Few brands have ever been successful at instilling desire in cinema audiences. Over the course of the past 30 years, Dolby, IMAX, and THX lead the list. Dolby was the first to demonstrate the power that a cinema brand can lend to consumer products. The idea proved to be so good that the space is overflowing today with brands. Rising above the fray is now the hardest part of cinema branding today. When shown a slide of the many brands that now clutter the cinema space, exhibitors almost unanimously point to only one as having the power to attract customers: IMAX. Hoping that some of IMAX’s success can rub off on them, RealD announced its plan to license its new LUXE brand of large format cinema experience.
RealD’s plan is nearly identical to one that I presented to THX over a year ago, providing an opportunity to comment from research performed at that time. (The THX work was a last ditch effort by management no longer there to salvage its presence in cinema. THX now touts its intellectual property, with Apple its first target in court.) The concept, if executed well, can be quite attractive to small and medium-sized exhibitors. Particularly outside of the US, where THX was strongly embraced at its peak, exhibitors seek ways to differentiate and convey quality. THX did this by certifying cinemas, an approach that worked well when the quality difference between a THX and non-THX auditorium was easy for audiences to experience. Such differences are not so easy to ascertain today.
IMAX succeeds with a different approach of controlling all details of the auditorium, screen, and equipment. But audiences don’t understand the details. Rather, they understand that IMAX has had a long history of providing excellent large screen experiences. IMAX continues to strongly market its brand, and audiences feel they will experience the best movie performance in an IMAX auditorium. Arguments can be made that other auditoriums do things in a better way, but this comes back to the whether the audience will notice the difference. At the risk of oversimplifying, IMAX doesn’t have to technically be the very best. But it has to convince the audience that it is the best, and IMAX does that very well.
Accordingly, it would be difficult to remove IMAX from its top-of-hill position.

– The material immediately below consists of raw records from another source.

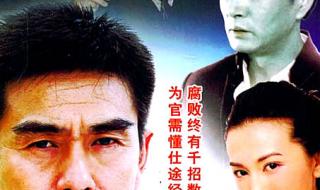 仙有千千劫 仙有千千劫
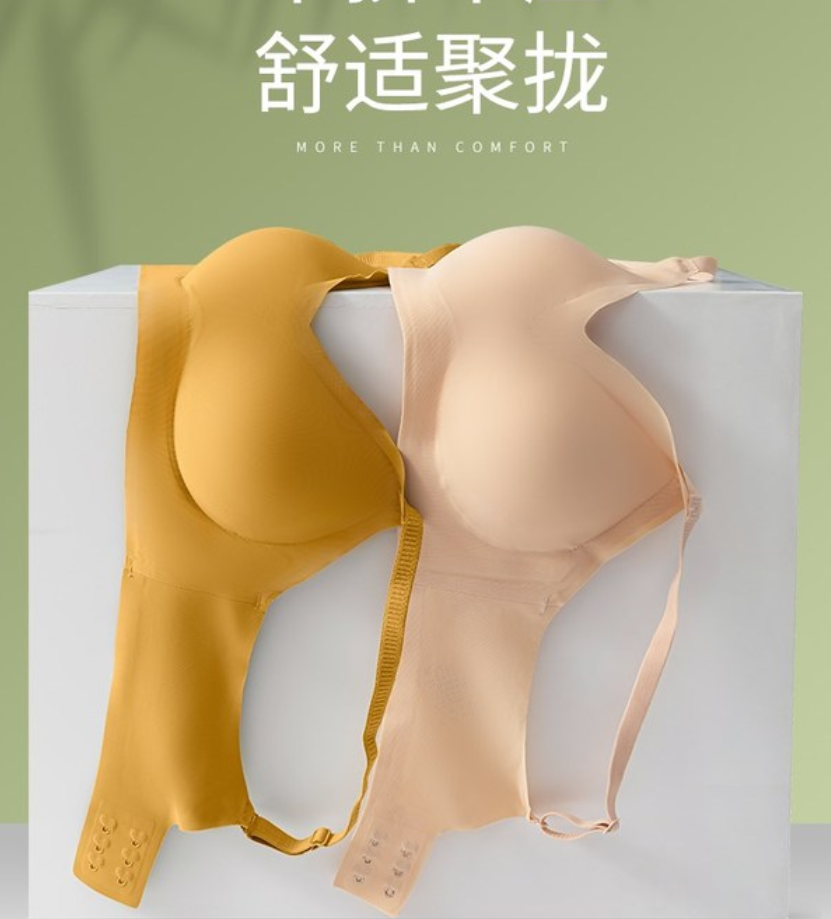 Seamless latex underwear for women's small breasts, gathering and tightening the accessory breasts to prevent sagging, and a sporty girl's story without steel rings
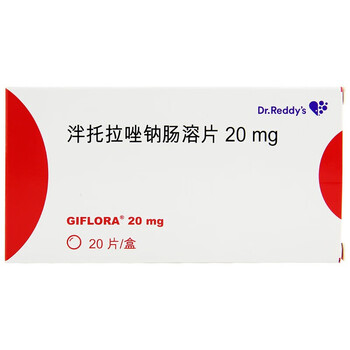 可来复 泮托拉唑钠肠溶片 20mg*20片/盒 【1盒装】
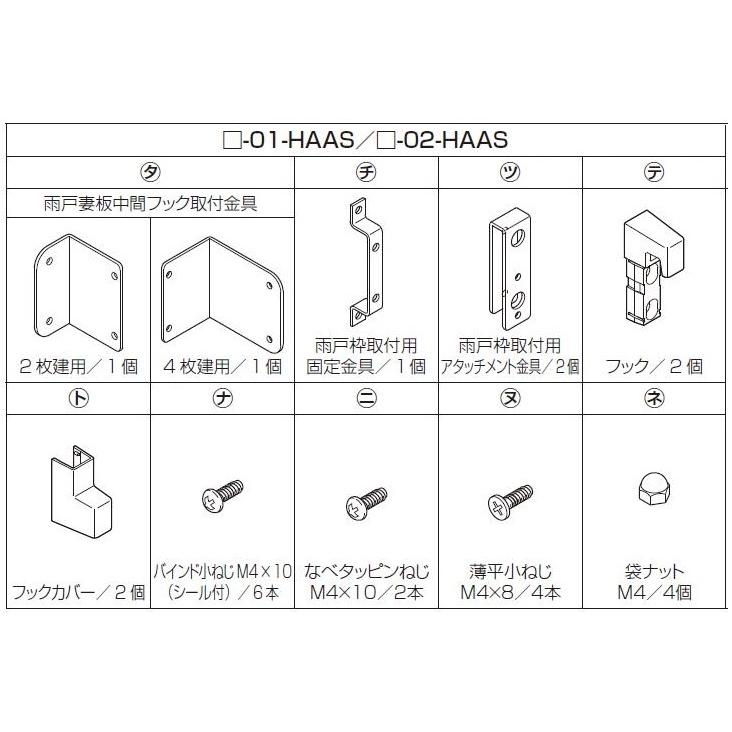 中間フック スタイルシェード / 枠付き 1枚仕様用 交換用 部品 LIXIL 
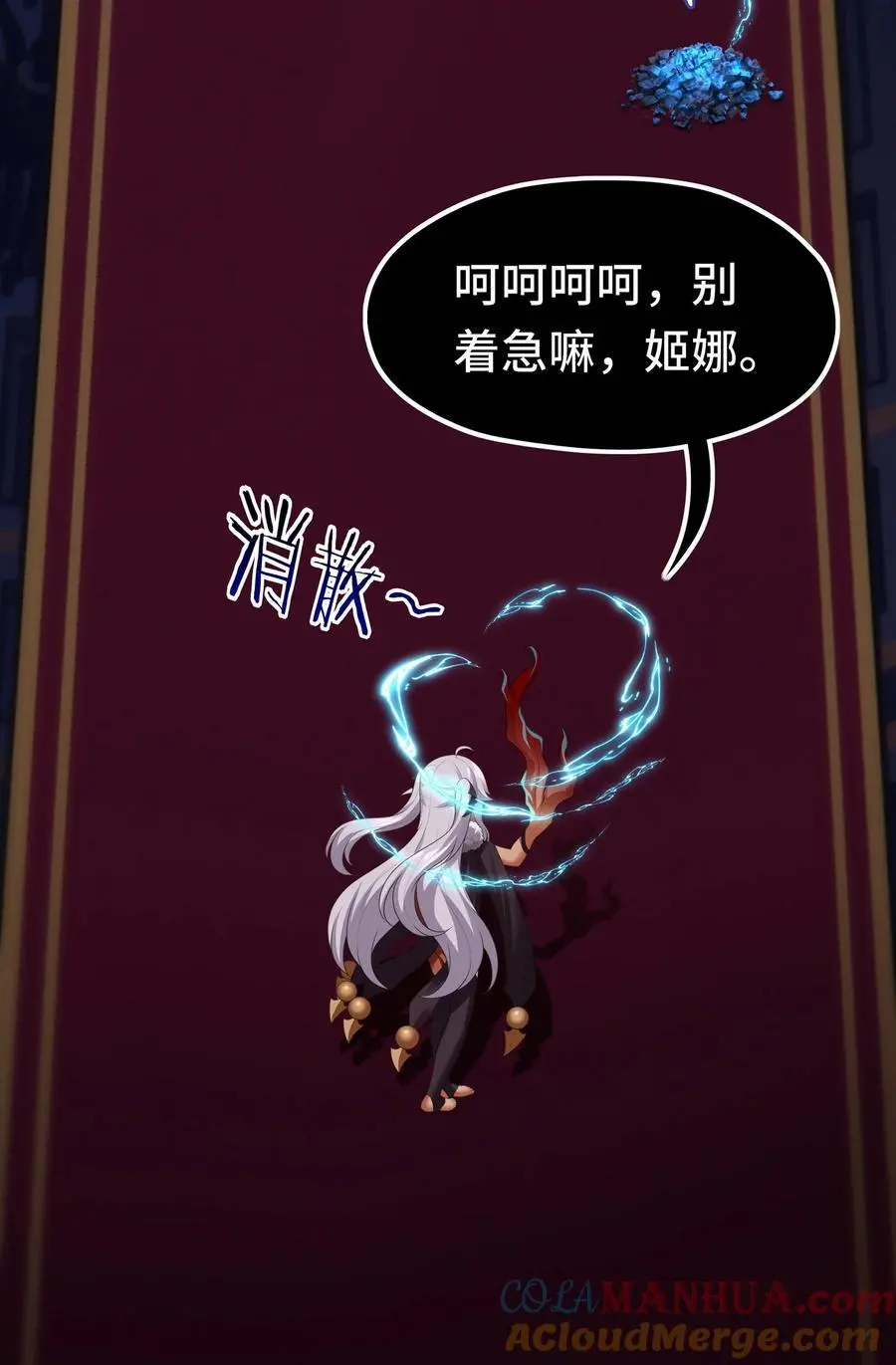 057 欢迎回家33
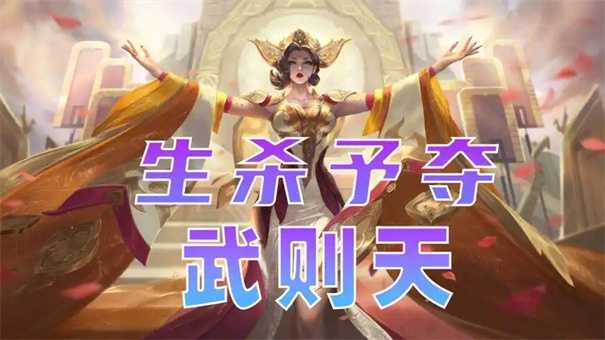 王者荣耀终极觉醒强势英雄有哪些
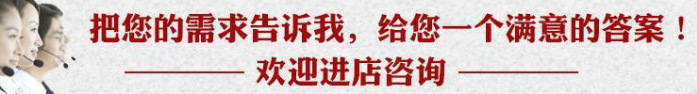 微信圖片_20190717152947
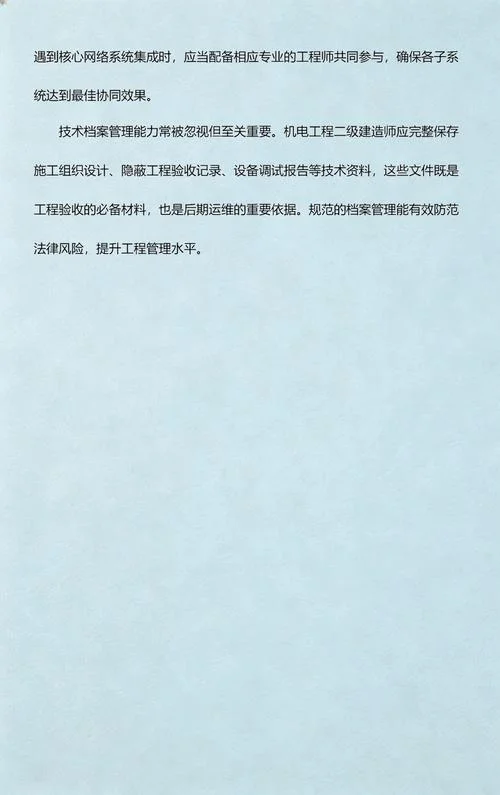 机电类建造师报考条件_2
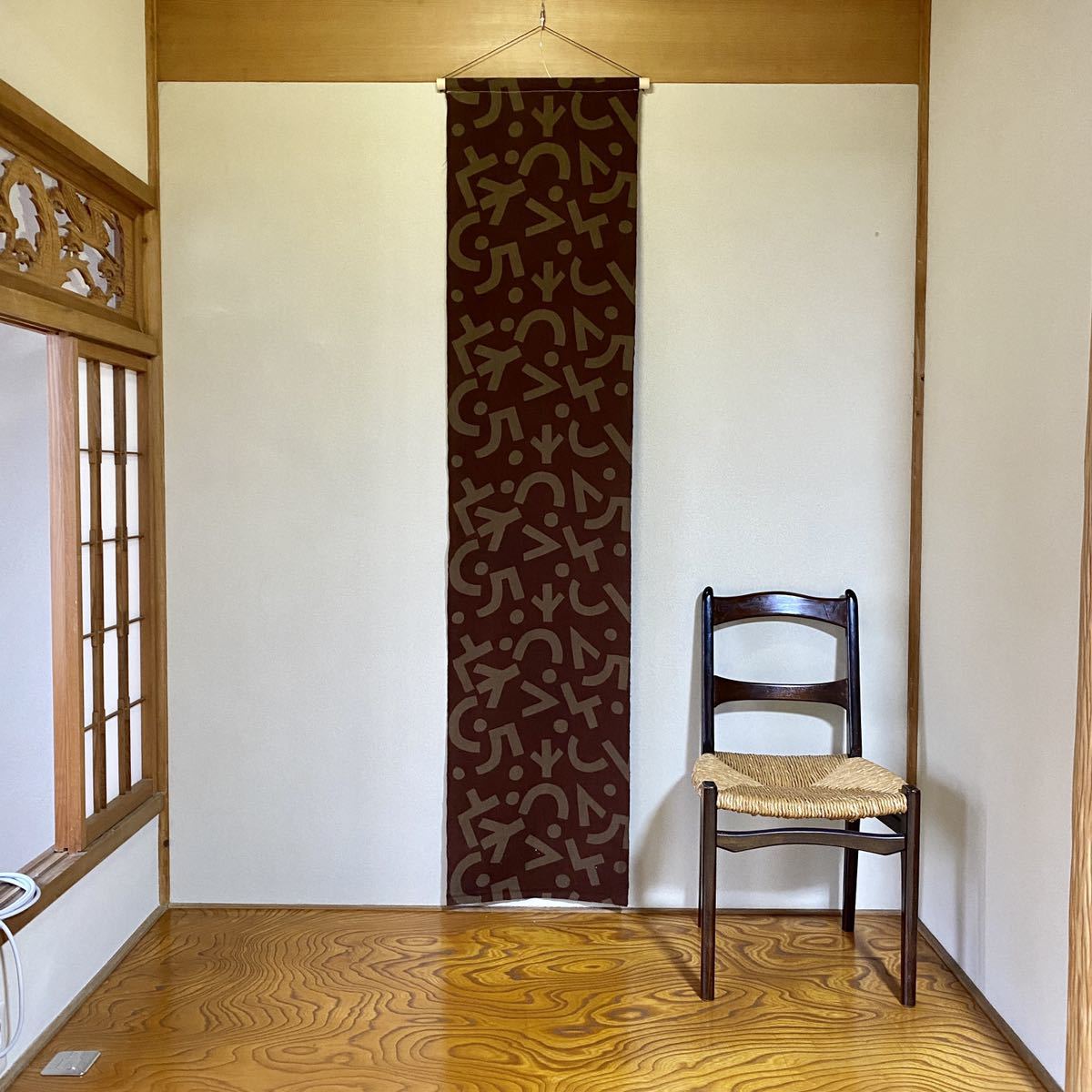 柚木沙弥郎 型染 タペストリー | wonderfulbunch.com.au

But there’s always room down the hill. Each of the top ten cinema circuits in the US has engaged in promoting their own large screen brand. This is not with the intent of exclusivity, however, as most if not all of these circuits also embrace IMAX at specific locations. But these circuits provide excellent proof that a second-tier brand can work.
When it comes to creating a new brand that goes across multiple cinema chains, RealD is one of the few companies in cinema capable of execution. It has a name and the necessary resources that its market valuation brings. It has unique technology to boot. RealD has its new Precision White screen to tout, providing a clear visual differentiator to the audience. And it has the technology, where needed, to enable the exhibitor to meet a high brightness standard for 3D.
But these aren’t reasons for entering the branded experience space. RealD has a few problems of its own that this move will address. Its per-ticket fee isn’t popular outside of the US, and building its brand in these regions is an important step to opening doors for growth. Just as problematic, Wall Street is disappointed that RealD has not been able to deliver on its promise to profit in the consumer market. ESPN’s recent exit from 3D sports programming in the US only reduces those chances. The company needs to convince the market that it has a plan for growth, and LUXE appears to be the path that RealD has chosen.
Wall Street, however, does not appear to be impressed. RealD’s stock dropped 7% on its announcement of LUXE, and stayed there. To investors, the backstory is that RealD failed to achieve its ambitions in the consumer market, and is changing course to compete head-on with IMAX. Instead of becoming a market leader in consumer 3D, it is now moving to become a second-tier brand in cinema experience. It’s a very different risk to what investors were originally sold, and it appears that they’re not buying it, at least for now.